Scott M. Collins said...

Do you take requests?
Blog about this:

Anonymous said...

terrific and erudite observation. the first question is what will be your methodology, from whence will theological truth come. if, at the end of the day, it's your whoever agrees with you... then you are indeed a protestant, i'd even suggest a radical reformer at that.

Anonymous said...


Does this mean you are a protestant?

Father Rhodes

+ Alan said...

Ah, if it were all that cut and dry and logical. I think there's a lot more gray area here than that. In this logic, I wonder, is someone conscientiously obliged to stay outside the Catholic Church (or to leave it as the case may be) if one does not have what you're hinting at as a certain very strict way of looking at doctrinal definition and infallibility? I know, that's a book's worth of a question. Let's just call it at least something to think about.

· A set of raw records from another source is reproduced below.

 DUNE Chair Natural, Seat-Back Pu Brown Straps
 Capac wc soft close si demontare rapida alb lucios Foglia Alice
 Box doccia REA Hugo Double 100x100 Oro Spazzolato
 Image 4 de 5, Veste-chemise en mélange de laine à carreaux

I think there are probably several reasons why one would enter the Catholic Church, or stay in it, and they are not all about "I have become utterly undone by the magisterial claims of the Church such that I now have no choice but to enter or put my soul in danger." This is actually the more common tack I notice in converts - at least the high profile ones who become apologists.

I think that's unfortunate. There are probably just as many, likely more, people who become Catholic simply because they were never actively anything else - they were very latently "Christian" - and they connect with the stability and the liturgy. There are others who just don't want to be "lone rangers" any more and find that the deepest connection it seems they can make with the whole Church from the beginning, is in this very old Mother called the Catholic Church. Part of that was my deal. Most of my "reasons" though, were not all that logical and I would have a hard time defending it in that way.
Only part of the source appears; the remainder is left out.